What’s happening at the facility only tells part of what’s going on in the community.

“So there’s probably well over 1,000 active cases just in the Waianae zip code alone,” Schafer said.

Waianae has one of the lowest vaccination rates on Oahu, at less than 35 percent. It’s so low the CDC will be sending a member of their Vaccine Confidence and Demand Team to the area next week to work with the health department and WCCHC to better understand factors impacting vaccine confidence, specifically Native Hawaiian and Pacific Islander peoples.

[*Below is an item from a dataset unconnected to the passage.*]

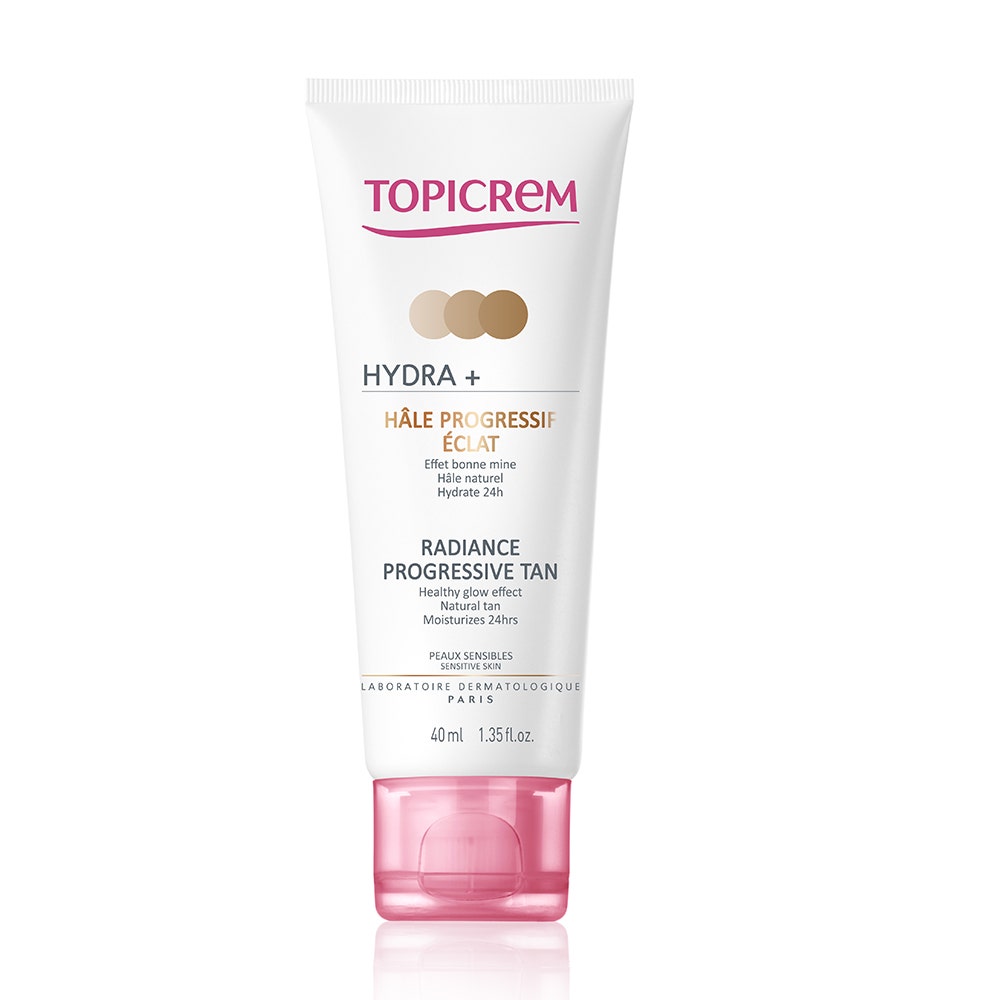 Topicrem Hydra+ Crema Facial Bronceado Progresivo Iluminadora Hydra+ 40ml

“They’re coming out,” said Schafer. “We’re conducting what’s called an RCA or rapid community assessment of some of these groups to really dig into what is their understanding of the vaccine, their motivations or perceptions of it. That way, we can hopefully target some really specific intervention activities.”

Amid growing numbers, the Waianae Coast Comprehensive Health Center is expanding contact tracing efforts to get ahead of the spread.

Gov. David Ige says his administration is working with the health care industry to keep hospitalization numbers under control. However, for many in healthcare, the solution is simple.

“About 95 and 98% of these hospitalizations are unvaccinated and are entirely preventable,” said Hilton Raethel, president and CEO of the Healthcare Association of Hawaii. “So it’s concerning that we’re even having these discussions about need to scale back elective surgeries and other things when we could avoid that if we if get more people vaccinated.”